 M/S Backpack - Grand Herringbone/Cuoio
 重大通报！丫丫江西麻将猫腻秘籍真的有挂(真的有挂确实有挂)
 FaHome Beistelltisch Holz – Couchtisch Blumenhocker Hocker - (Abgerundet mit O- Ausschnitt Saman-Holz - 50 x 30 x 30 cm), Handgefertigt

---

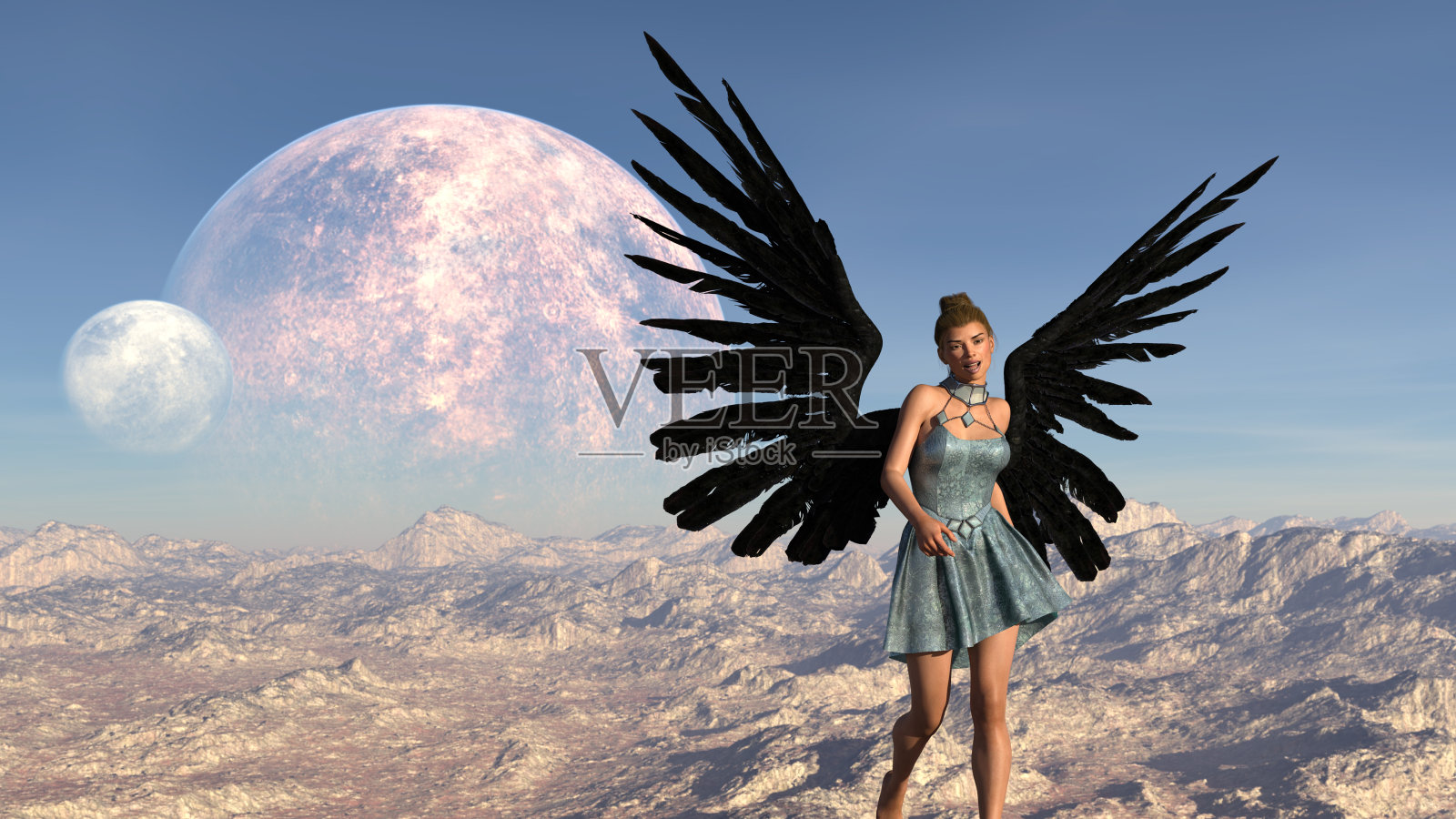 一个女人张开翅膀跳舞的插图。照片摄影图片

==

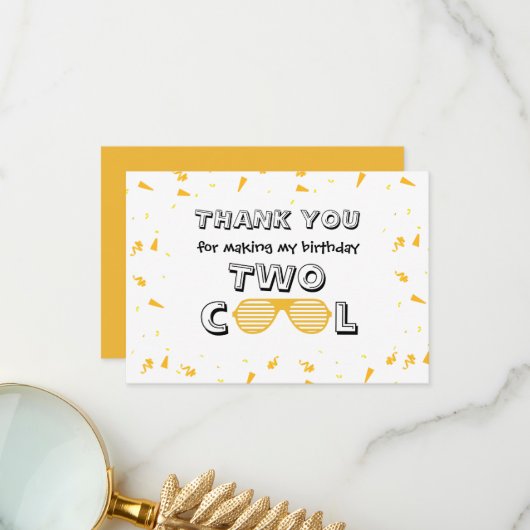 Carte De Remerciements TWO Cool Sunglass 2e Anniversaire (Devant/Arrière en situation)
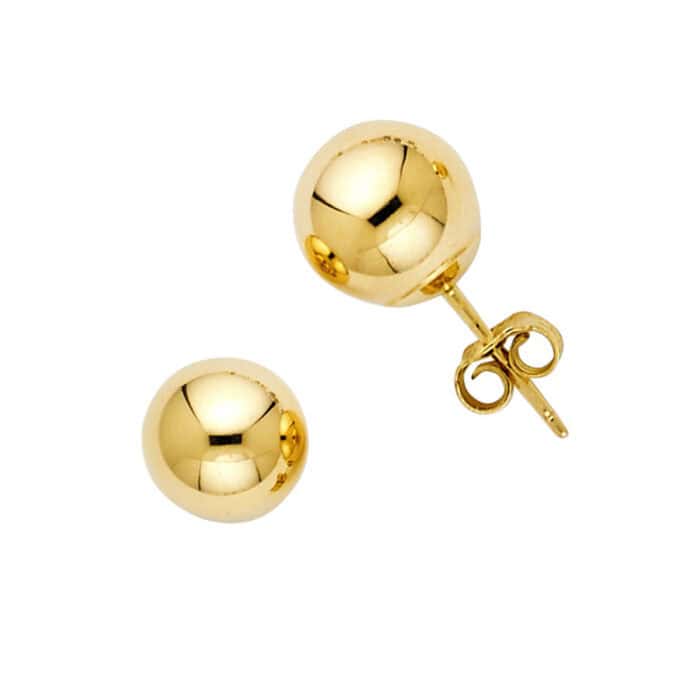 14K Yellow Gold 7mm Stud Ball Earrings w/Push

-- HOW TO COMPLETE THIS TASK --
Where the listing above reaches the line that contains "M/S Backpack - Grand Herringbone/Cuoio", start retyping, and finish with the line that contains "FaHome Beistelltisch Holz"; reproduce those lines exactly and no others.

-- RESPONSE AREA --
 M/S Backpack - Grand Herringbone/Cuoio
 重大通报！丫丫江西麻将猫腻秘籍真的有挂(真的有挂确实有挂)
 FaHome Beistelltisch Holz – Couchtisch Blumenhocker Hocker - (Abgerundet mit O- Ausschnitt Saman-Holz - 50 x 30 x 30 cm), Handgefertigt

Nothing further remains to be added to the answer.